1997年に兵庫から大洗に移住、メーカー研究職から転身し20代から宿経営に参画し、大洗町の観光の変遷を見つめながら、大洗の本質的な魅力について思索を続けてきました。
今回は、そんな石井さんの思いを汲みながら、大洗観光協会の仲間とともにこの地の魅力を見つめ伝えていく、地域おこし協力隊のメンバーを募集します。
「大洗の観光は明治時代にさかのぼり、宿泊施設に長期滞在しながら、温泉のように海水を活用して“療養・保養”のために冷浴・温浴を行い、清浄な海浜気候も観光資源として利用する保養文化から始まりました。戦前時期は夏の海水浴シーズン以外は閑散としていたため、戦後になると一年を通じての観光客増加を目指し港湾開発や観光施設や交通インフラの整備が重ねられてきました。
現在、海水浴客は全国どこでも長期低落傾向ですが、大洗は魅力的な日帰り観光スポットが増えてきたために観光客数が落ち込むことが無く、四季折々に観光客が訪れる茨城県を代表する海浜観光地として知られています。しかしながら夏の海水浴客の減少とともに、大洗が本来持っている“ゆったりと自分を休める場所”としての保養文化や、それを支える豊かな海自然環境も社会的に見えづらくなっているように感じています。」
「この町に来てワクワクしたことは親水空間があふれる水のまちであることです。日々を忙しなく過ごす都会の人や地域住民が集い、自然の導きで本来の人間力を取り戻せる場所として、豊かな水辺環境を分かち合えることは、とても幸せなことです。大洗らしい地域おこしとは、保養に資する親水空間の魅力を整理し、シビックプライドの観点からみた地域遺産として、鮮明にさせてゆくことだと思うのです。」
春の大洗サンビーチで潮干狩りをする人々(2025 石井盛志 撮影)
そうした願いとともに、大洗観光協会がもうひとつ現在取り組もうとしているのが、大洗のユニークな自然環境を地域資源として整理することです。大洗海岸の岩礁の形成時代である新⽣代古第三紀まで遡りながら、地学・地理学・考古学といった視点から、汽水域である自然環境・生態系・地域文化など、有史以来これまでに大洗に質的な活力を与えてきた地域資源(エリア・ケイパビリティ)を掬い上げて整理し、観光客や住民と分かち合えるようにしたいと思っています。
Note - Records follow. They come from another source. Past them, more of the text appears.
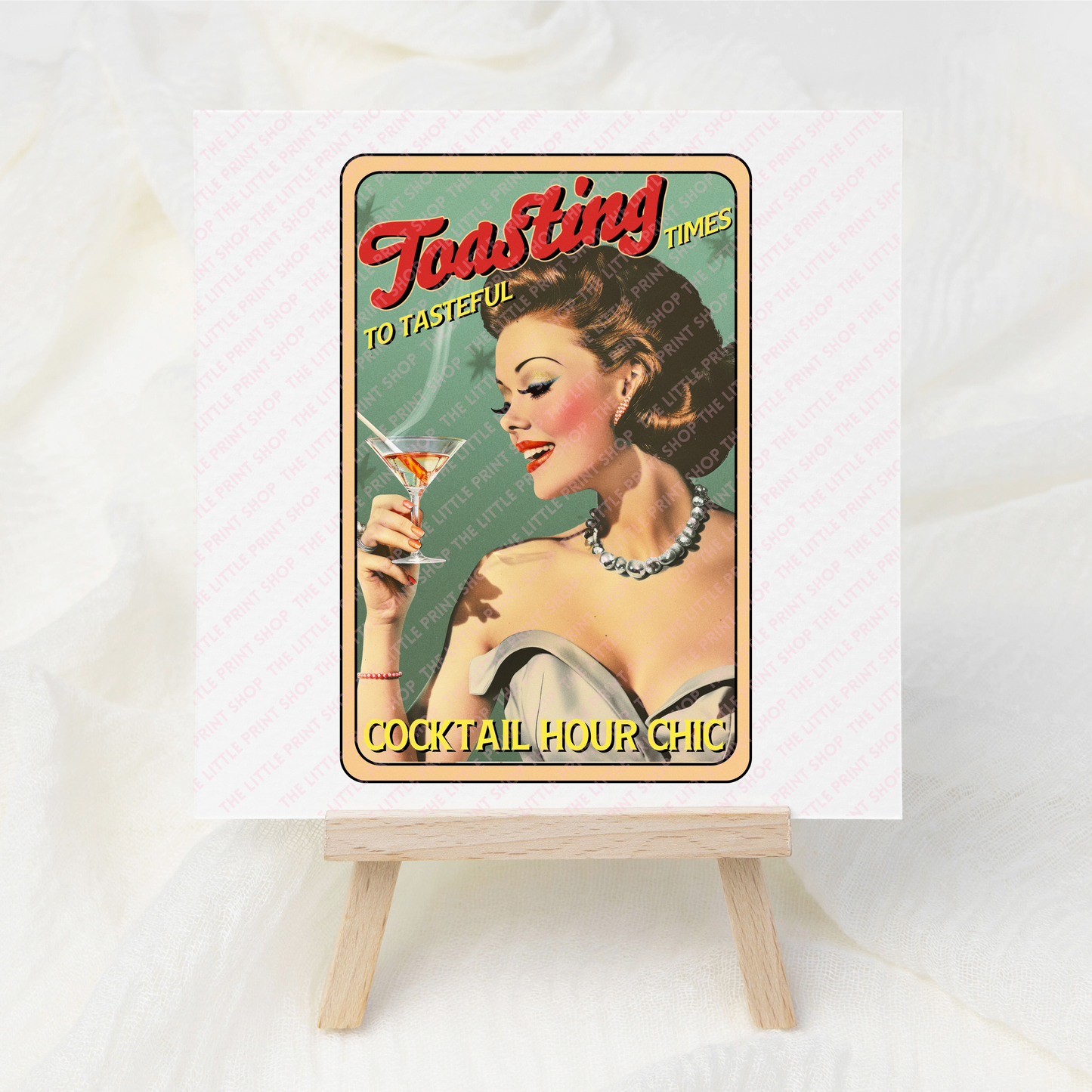 Retro Quotes - UV DTF 3 inch Decals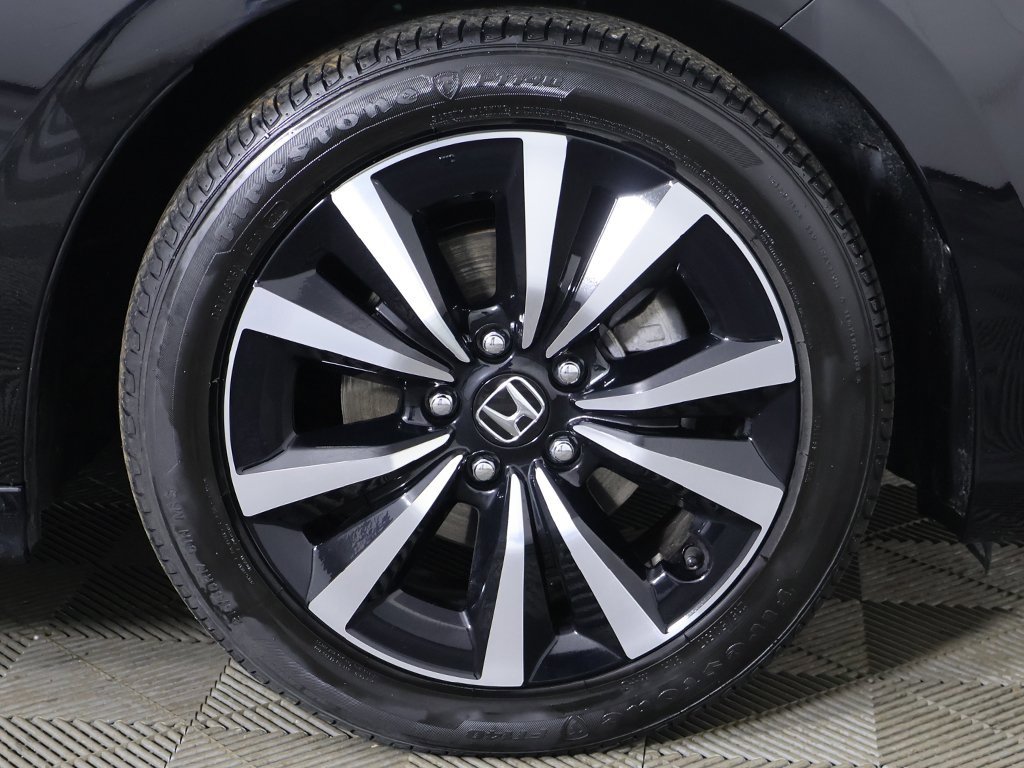 Used 2022 Honda Civic EX image 22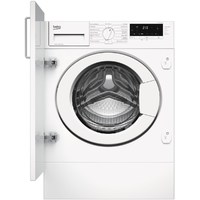 Beko WITV 8712 XWG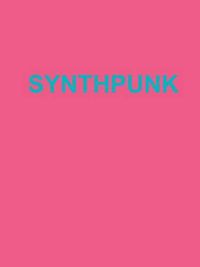 Cover image for Synthpunk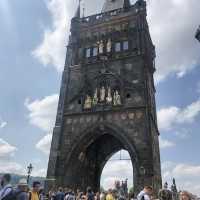 Too Beautiful place..Praha ! 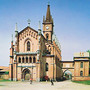 La chiesa di San Vittore La chiesa di San Vittore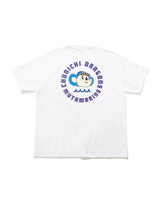 【2/1(日) 11:00より販売開始】中日ドラゴンズ × muta MARINE ドアラ コットンTシャツ [全2色]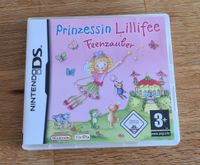 Nintendo DS Prinzessin Lillifee Nordrhein-Westfalen - Haltern am See Vorschau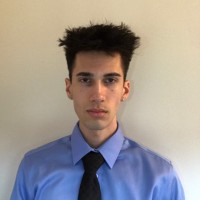 Justin Kieczor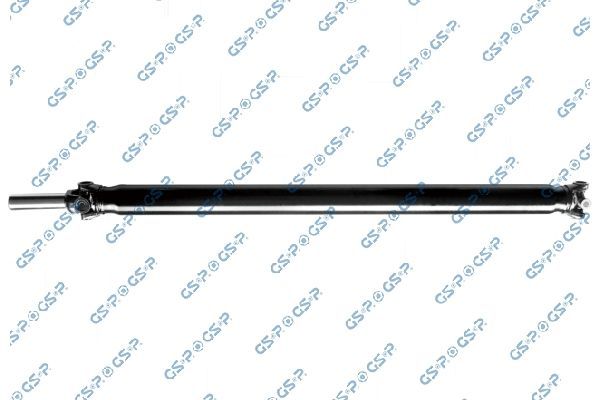 šarnyrinis velenas, ašies pavara GSP PS901530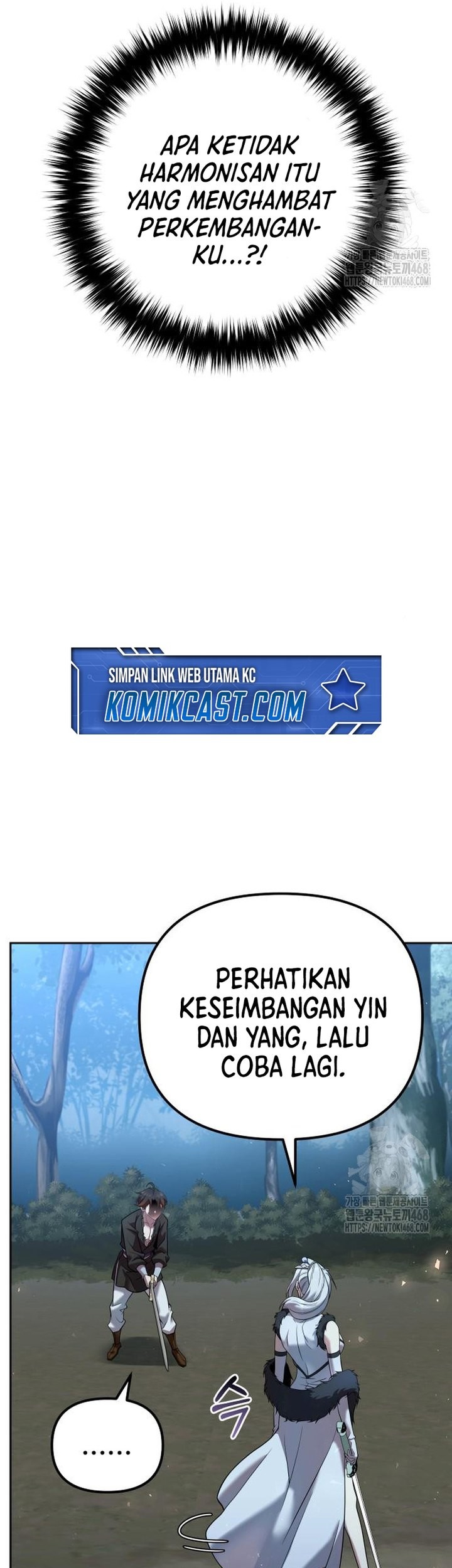 The Second Eunuch Regains His Manhood Chapter 34 Gambar 68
例えば、栃木県の那須の辺りで雨が降るたびに、那珂川(なかがわ)を下った大量の泥水はやがて大洗海岸に辿り着く。山のミネラルを含んだ川水混じりの土色の海水は、磯を覆って海藻に栄養を与える。山海の水の出会いは海藻の森を豊かにし、大洗海岸には海生生物が生息しやすいビオトープが形成される。このような大洗海岸で人々は古くから採藻漁や素潜り漁などをしてきた。など。
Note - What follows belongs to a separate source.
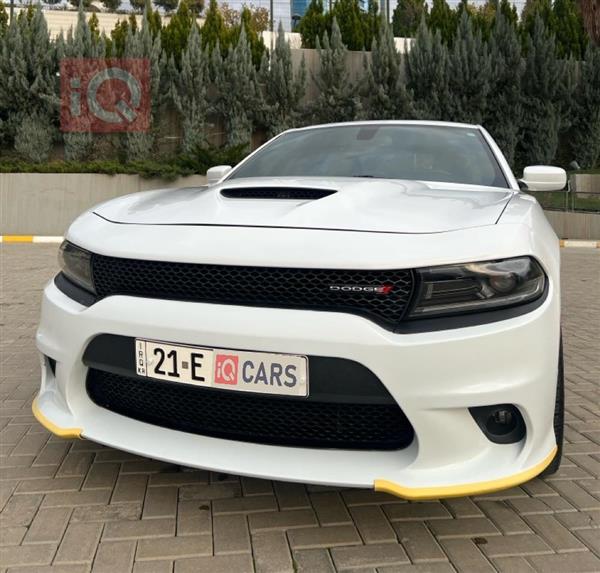Dodge Charger 2022 for sale in Iraq - Sulaymaniyah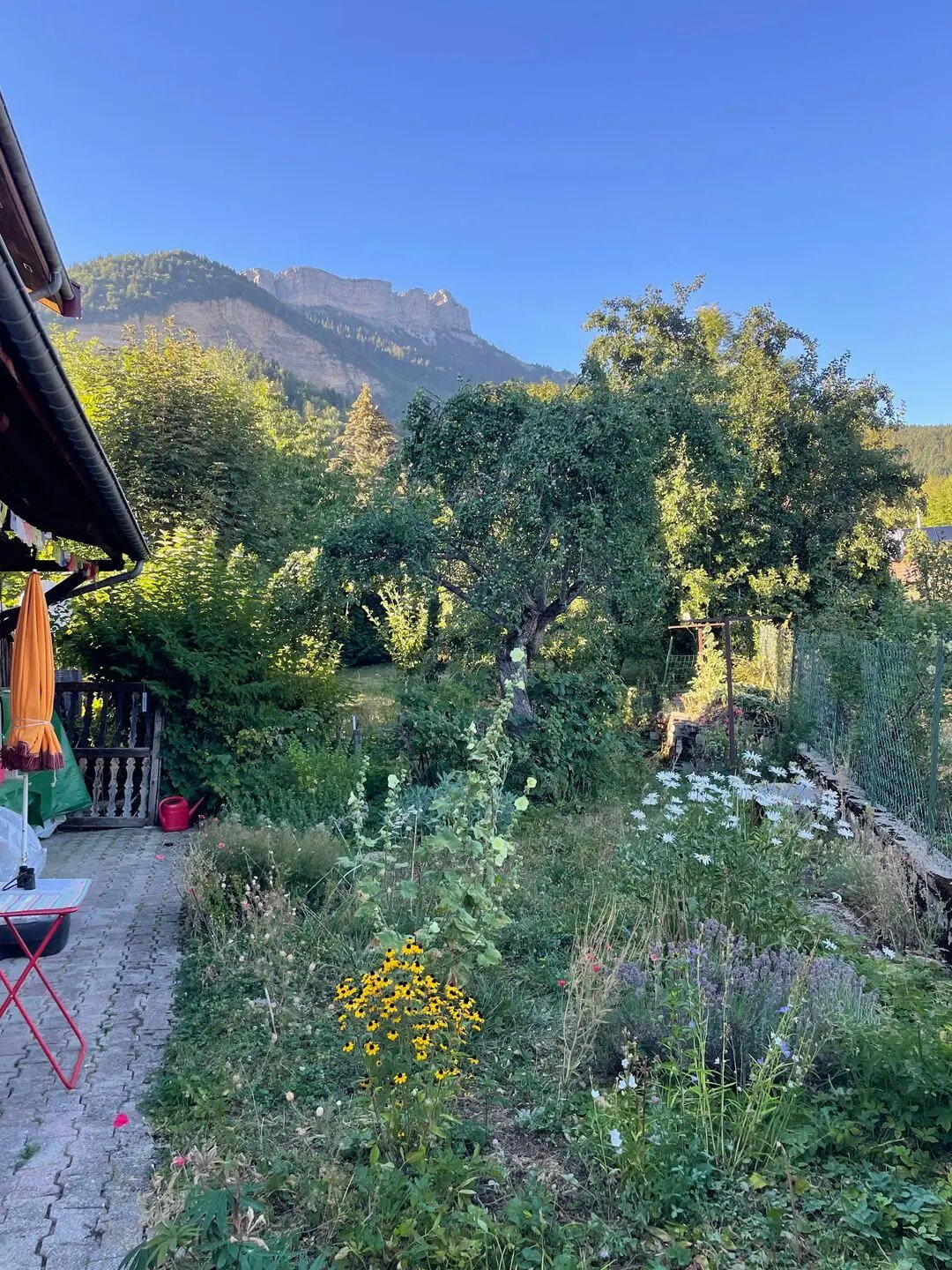 Maison à vendre, 200m², Le Sappey-en-Chartreuse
「訪問者にも地域住民にもあまり詳しく認識されていない、古くからこの場所にあり、これからもそこにあり続けるだろう(あり続けてほしい)大洗の風土やそれに基づく魅力を、私たちは編集していきたいと考えています。」
名勝として文化財指定されている大洗海岸(2020 石井盛志 撮影)
「海辺で夜風に吹かれて潮騒に安らぎを感じたり、荒波に心が洗われて自分本来の力を取り戻したり、保養地としての大洗の魅力の根底には単に美しいだけではない、豊かな生命が溢れる海辺や、平安時代から医薬の神様として信仰されてきた大洗磯前神社と、清浄性の象徴として岩礁に立つ“神磯の鳥居”などの存在があります。」
「自然環境と暮らしの歴史から育まれた風土や文化から、大洗の本質的な魅力を掘り起こし、そこに観光客や住民が分かち合える価値を見出し、海のまちを豊かに感じていただける大洗の新たな保養地ストーリーを紡いでいきたいのです。」
大洗の現在の人口は15,000人弱。日本の多くの地域と違わず、人口減少とともに、働き手や継ぎ手不足といった課題も顕在化してきています。将来、何百万人もの観光客を集める“量”の観光地を求め続けることは難しいかもしれません。それならば限られた人員で落ち着いて訪問者と関わることで付加価値が生まれる、スローな観光があってもよいのかもしれません。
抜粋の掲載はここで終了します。